Prison Voicemail receives national award
“Prison Voicemail helps governors meet their objective of strengthening family links ... and means a reduction in prisoner anxiety"
Prison Voicemail was recently named as one of the New Radicals 2018, a search led by Nesta, the innovation foundation, and The Observer to find the top people, projects and organisations offering innovative ways to tackle social challenges. This resulted in a feature article in The Guardian.
Prison Voicemail was first conceived in June 2015 when social entrepreneurs Alex Redston and Kieran Ball were looking for ways to improve legitimate communication between prisoners and their families. “We realised prison phones only allowed outbound calls, making it frustrating if the person on the outside didn’t get to the phone in time. A simple missed call was causing worry and anxiety for both sides”, says Kieran. “That’s when we had the idea of a voicemail box that family members could leave messages on which prisoners could pick up at their convenience”.
Thanks to a tweet to a sympathetic governor, Prison Voicemail launched at HMP Lincoln in October 2015, and has since expanded to 109 prisons nationwide with widespread support from the HMPPS and Ministry of Justice. To exchange messages with approved contacts prisoners simply dial their unique landline number from any PIN phone, meaning all existing security and monitoring processes are unaffected.
“Prison Voicemail helps governors meet their objective of strengthening family links and means a prisoner isn’t dependent upon having the partner sit by the phone to hear their voice. Potentially this will reduce the need for prisoners to access mobiles to contact their family. It also means a reduction in prisoner anxiety without burdening staff or creating public protection issues.” says Paul Baker, former Deputy Director of Custody, London & Thames Valley.
The Prison Voicemail team continually receive positive comments from users, many of whom would struggle to maintain contact without the service.
One customer wrote to say: “I work during the day so he was unable to reach me, and especially when you’ve got a lot going on, or the children are doing activities in the evening, it’s good to be able to leave a message saying ‘ring later because we’re doing this, this and this’. I think it’s important to them to feel part of the family and the service really helped with that.”
Another said: “Our baby was born just after he got sentenced and she's now 3 months and has started making noises and babbling. He's never got the chance to meet her yet but thanks to your app he gets to hear her, so thank you very much for being able to keep our family connected.”

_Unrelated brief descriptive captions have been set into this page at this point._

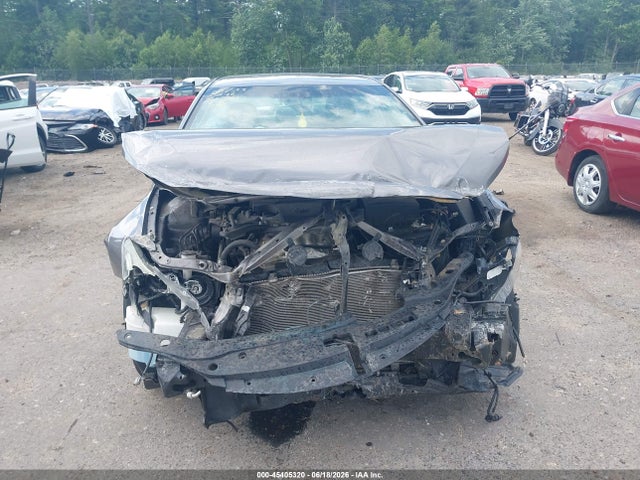4T1BF1FKXHU633577 Toyota CAMRY LE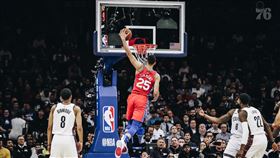 ▲本季首度對決厄文（Kyrie Irving），西蒙斯（Ben Simmons）攻下20分6籃板11助攻。（圖／翻攝自76人推特）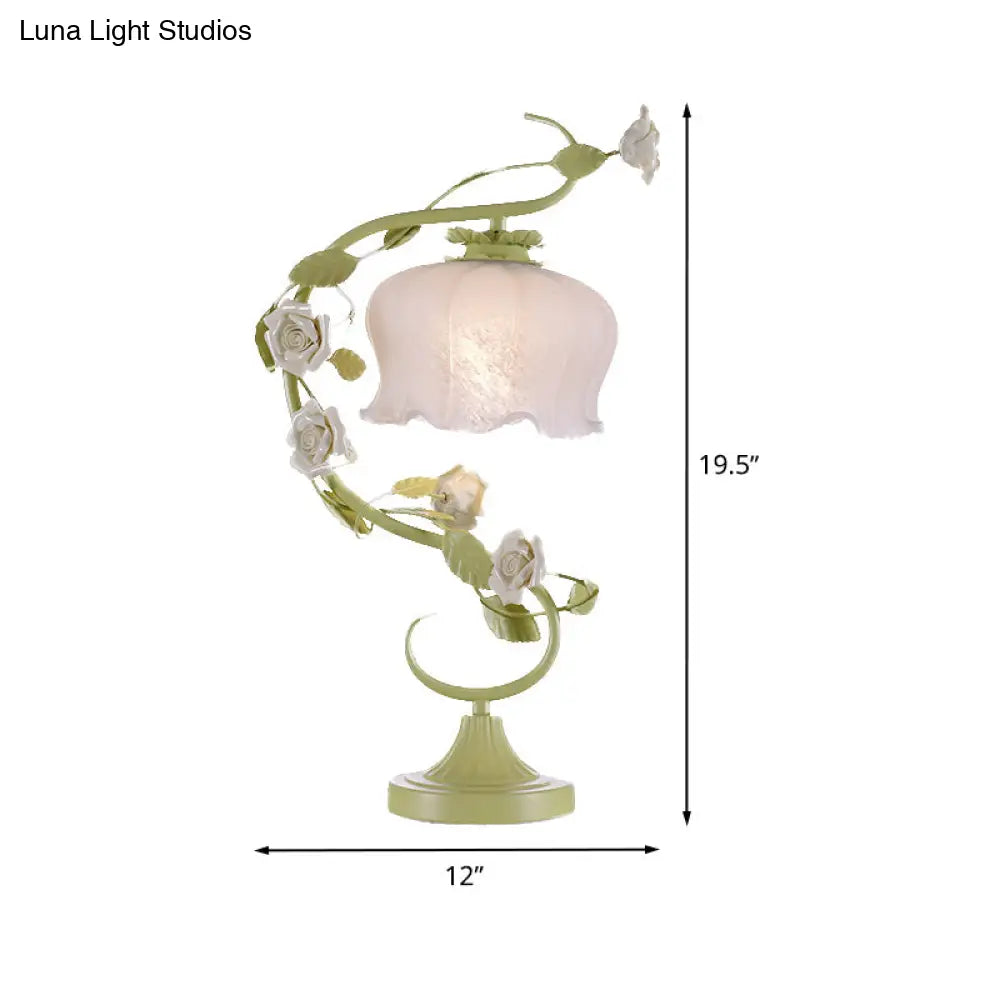 Metal Green Nightstand Lamp - Floral Design 1 Bulb Countryside Bedroom Lighting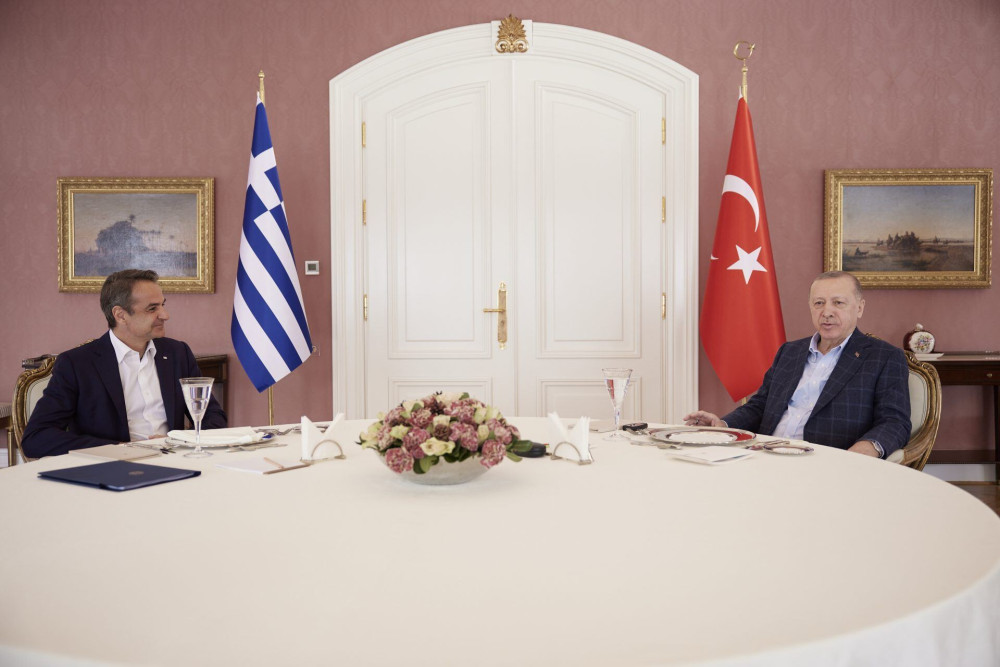 Η διπλωματία του…χαλβά: Ο Πετρετζίκης στη Hurriyet- Προεδρική παρέμβαση για τη συνταγή της Εμινέ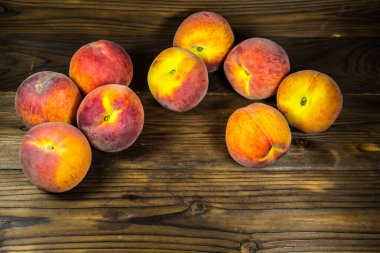 Tahta masada olgun şeftaliler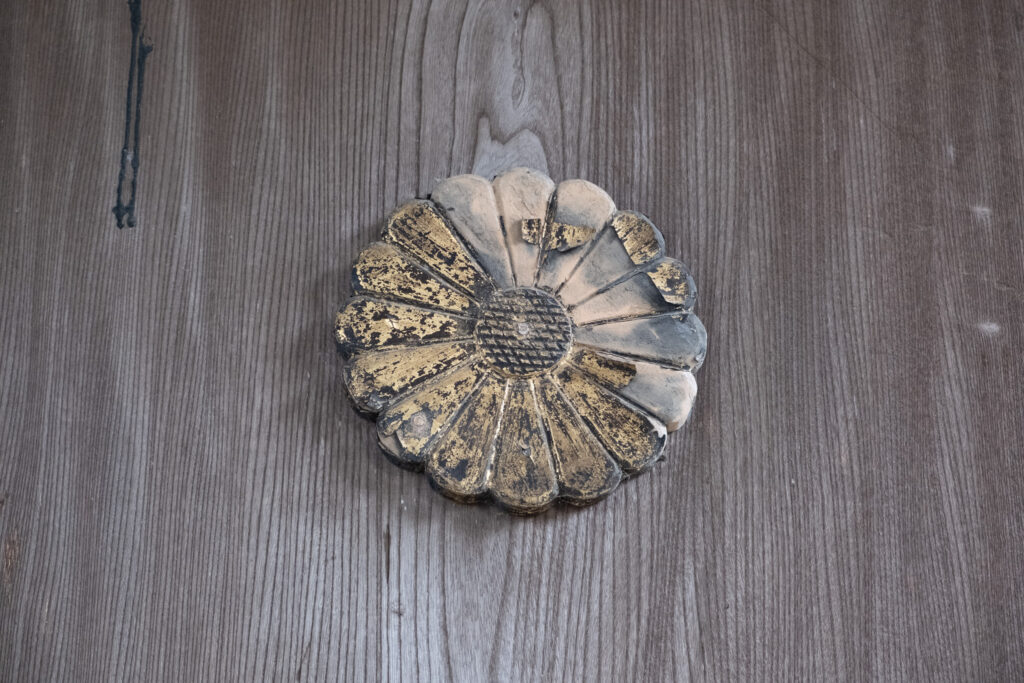 【豊後高田市】勇壮な船の祭り「ホーランエンヤ」が行われる若宮八幡神社(若宮様)にも「右三つ巴紋」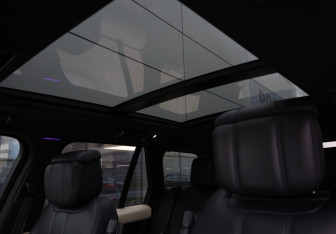 Подержанный автомобиль Land Rover Range Rover 2020 года (26 фото)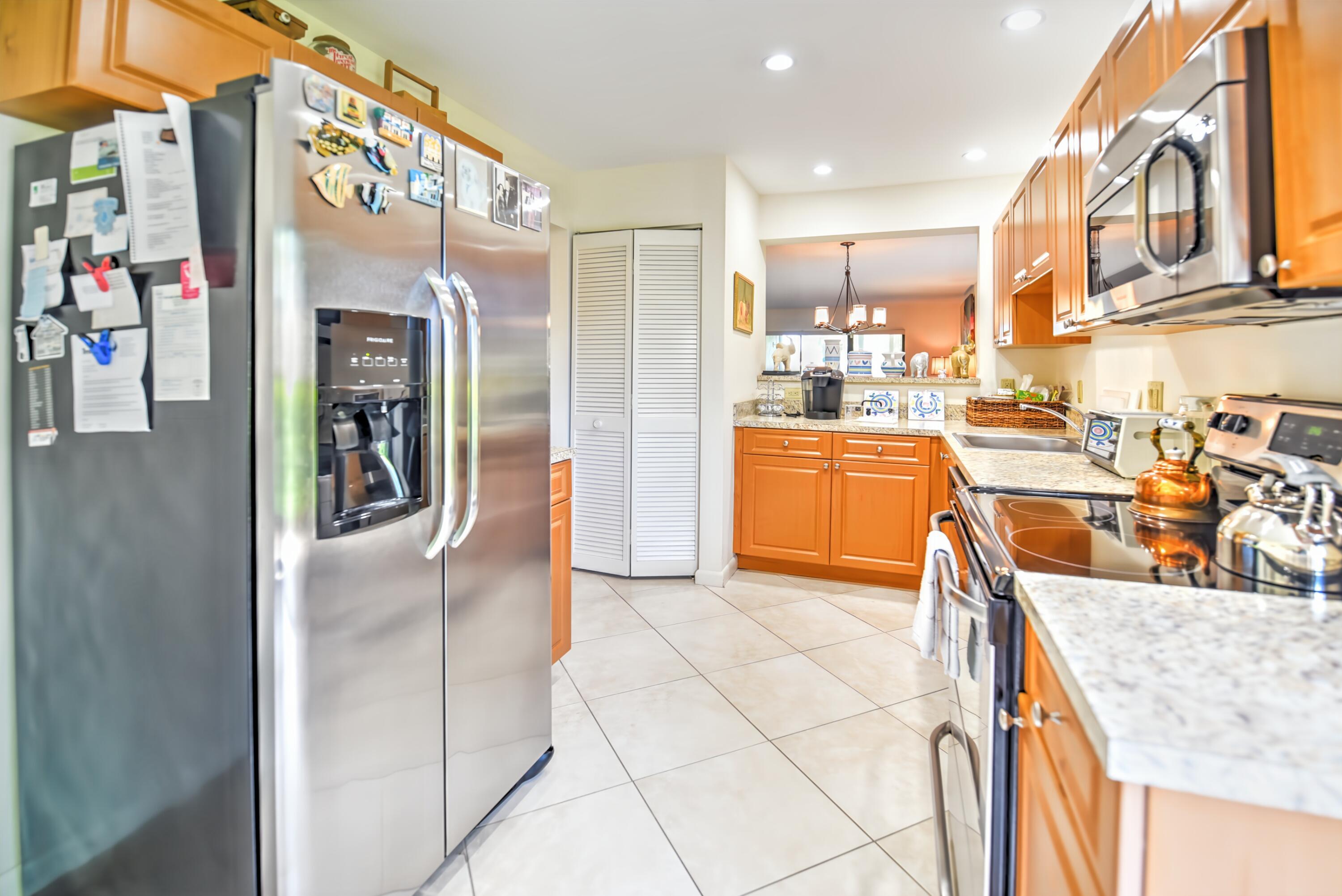 28 W Stratford Ln C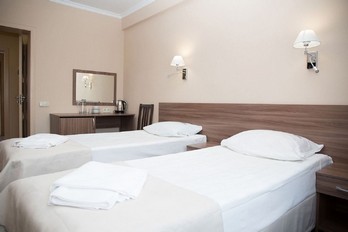 Кровать в двухместном номере категории один в санатории Эльбрус в городе Железноводск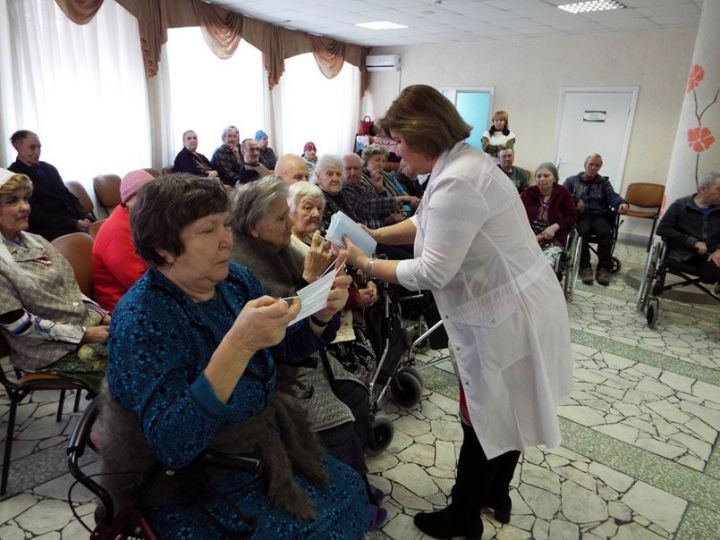 В Елабужском доме-интернате для престарелых и инвалидов рассказали о коронавирусе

Research by Lincoln University in 2017 across 56 prisons found many benefits of the service, from improving mental well-being to increasing their ability to sort out practical issues. 96% of prisoners said voicemail makes them feel better, and 83% said their relationships are better thanks to voicemail.
Despite these benefits, Alex and Kieran believe the service has a long way to go, particularly in terms of raising awareness: currently only 5% of prisoners use the service. Part of the problem, they say, is staff not knowing about it. “The prison service has been fantastic in its support of our service, but we are still constantly hearing about staff telling prisoners it doesn’t exist. Simply knowing that it’s an option could make a big difference in some cases.”
Lauren Mumby, a staff member at HMP Lincoln, describes her experience: “[The prisoner] was stressed and agitated... he was concerned about family contact… I told him about Prison Voicemail and suggested he could use it with his girlfriend... Upon hearing this, he almost instantly calmed down.”
Alex concludes: “Ultimately this is about getting prisoners away from illegal mobiles and back on to the PIN phone system by making it more convenient for them, while minimising impact on staff and processes. It won’t suit every prisoner, but for some it will prove to be a vital lifeline.”